In recent years, however, IBM has added a number of enterprise-level features to Spectrum Scale, along with simplified installation, monitoring, and tuning. In addition, Spectrum Scale can use virtually any storage hardware from any vendor, and can use generic Linux or Windows hosts as either servers or clients. These attributes make Spectrum Scale an ideal data platform for a number of enterprise use cases.
In an HPC environment, many different compute hosts must have access to the same data. This is the fundamental benefit provided by a single namespace, meaning that a given file can be addressed by a uniform file path, regardless of where the file is located, or from where the file is accessed.
The single namespace concept extends beyond simply allowing data access from multiple clients, and enables several key capabilities in Spectrum Scale:
A key strength of Spectrum Scale is its performance scalability, largely due to its distributed management of, and access to, metadata.
By designing a standard building block (storage plus servers) that can deliver a target level of throughput with a given amount of data capacity, an enterprise can readily grow its storage capacity using Spectrum Scale without sacrificing performance by adding the required number of building blocks to meet capacity goals.

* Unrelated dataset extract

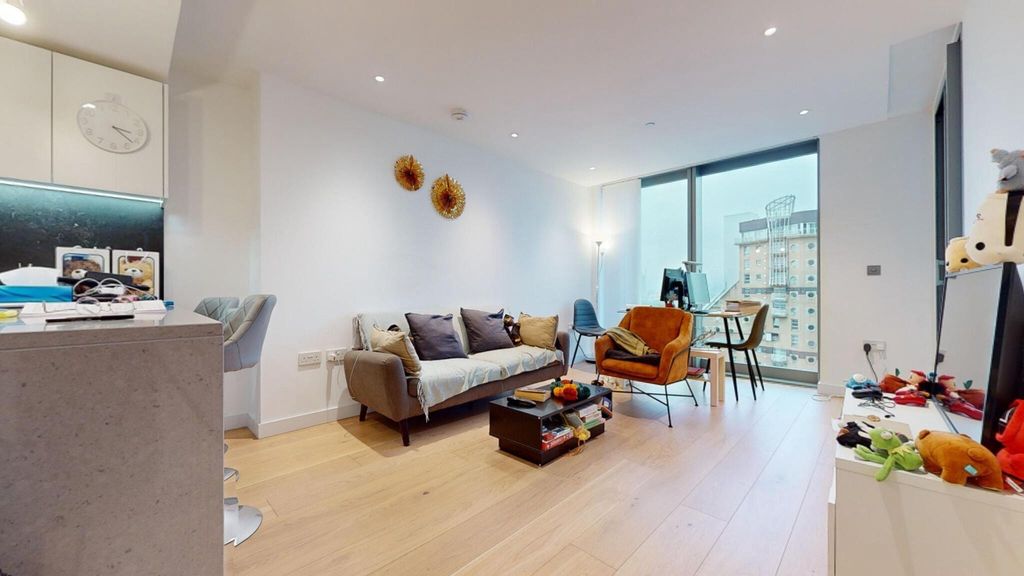 Property photo 2 of 10 Photo 2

In addition, Spectrum Scale supports high levels of concurrency (multiple applications reading and writing the same file at once). For this reason, the SAS statistical package uses Spectrum Scale as its preferred file. Today’s enterprise environments have many high-concurrency applications, among these the many flavors of relational and “NoSQL” databases.
Spectrum Scale offers at-rest encryption with NIST and FIPS 140-2 compliance, and enables secure data erasure through the use of KMIP-compliant encryption keys and remote key servers. Spectrum Scale also offers immutability and append-only features that meet certifications required for the financial industry and other sectors where data integrity and security are paramount.

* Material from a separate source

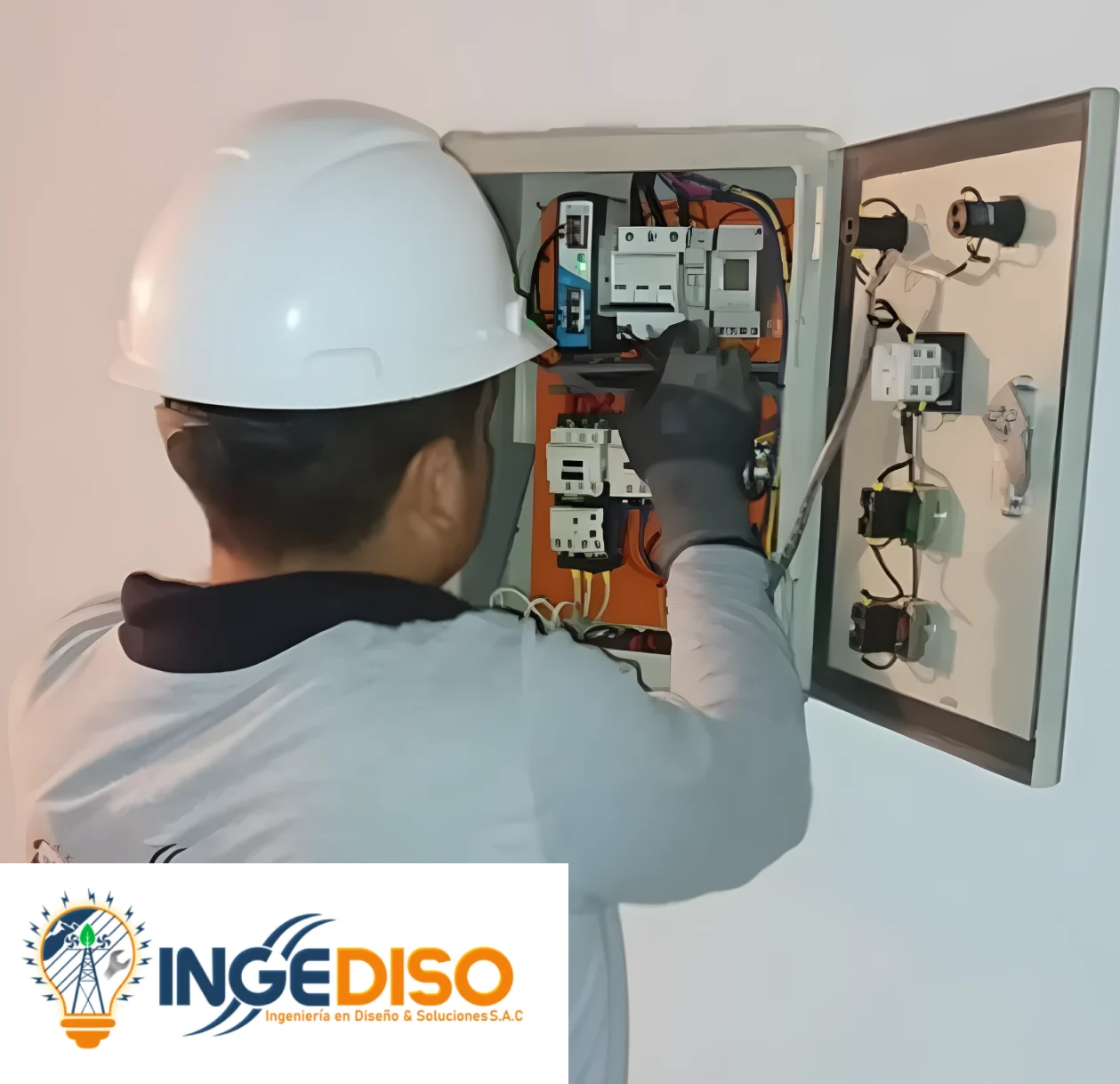 Servicio de mantenimiento de tableros electricos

In Hadoop environments, Spectrum Scale is a drop-in replacement for HDFS with enhanced scalability and reliability. Spectrum Scale may be used as either local-disk or shared-disk Hadoop storage. When using enterprise-grade shared storage, the number of data replicas in Hadoop can often be reduced to just one replica with suitable RAID protection. Spectrum Scale is validated with the Hortonworks Data Platform (HDP) and several IBM analytics offerings.

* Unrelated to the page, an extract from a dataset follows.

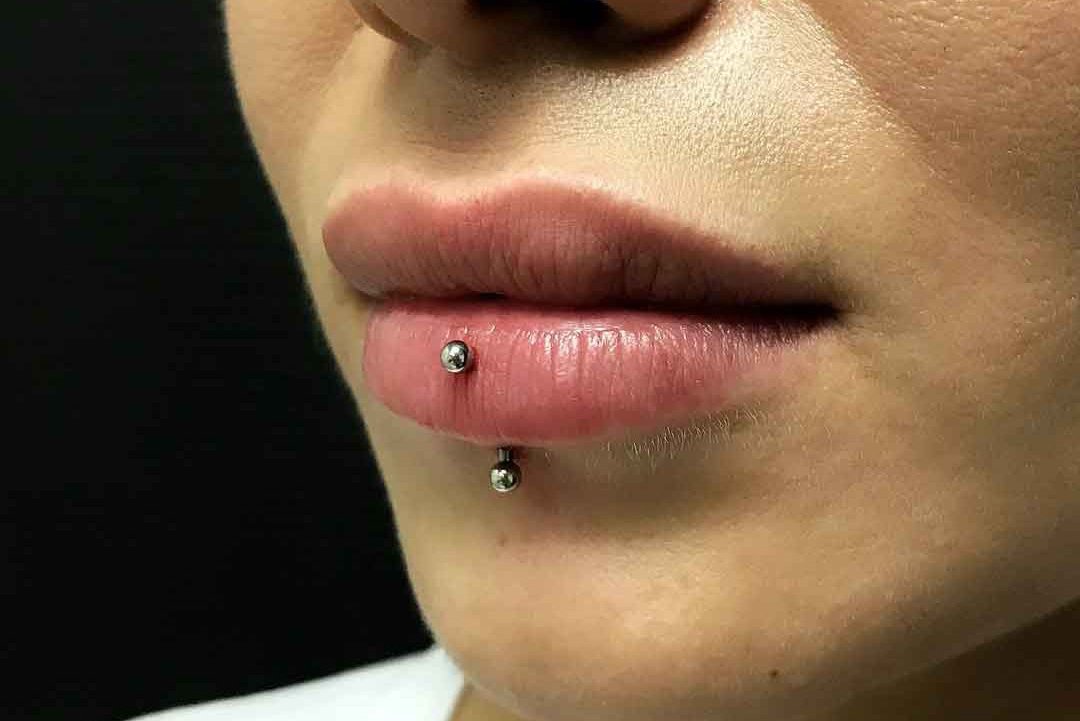 lips-piercing-e1624861104636.jpg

Since Spectrum Scale is a POSIX file system, Hadoop, Spark, and other applications can read, write, and edit files in place without the need to copy data between a separate Hadoop storage silo and the rest of the enterprise storage environment. By leveraging AFM and ILM, Spectrum Scale provides a complete solution for managing the analytics data lifecycle (including archiving and backups) as part of a comprehensive data management framework.
Spectrum Scale creates a “data lake” where analytics tools can be brought to bear on a vast array of unstructured data in an organization’s data space.
For a deeper discussion of how you can most effectively use IBM Spectrum Scale in your organization, reach out.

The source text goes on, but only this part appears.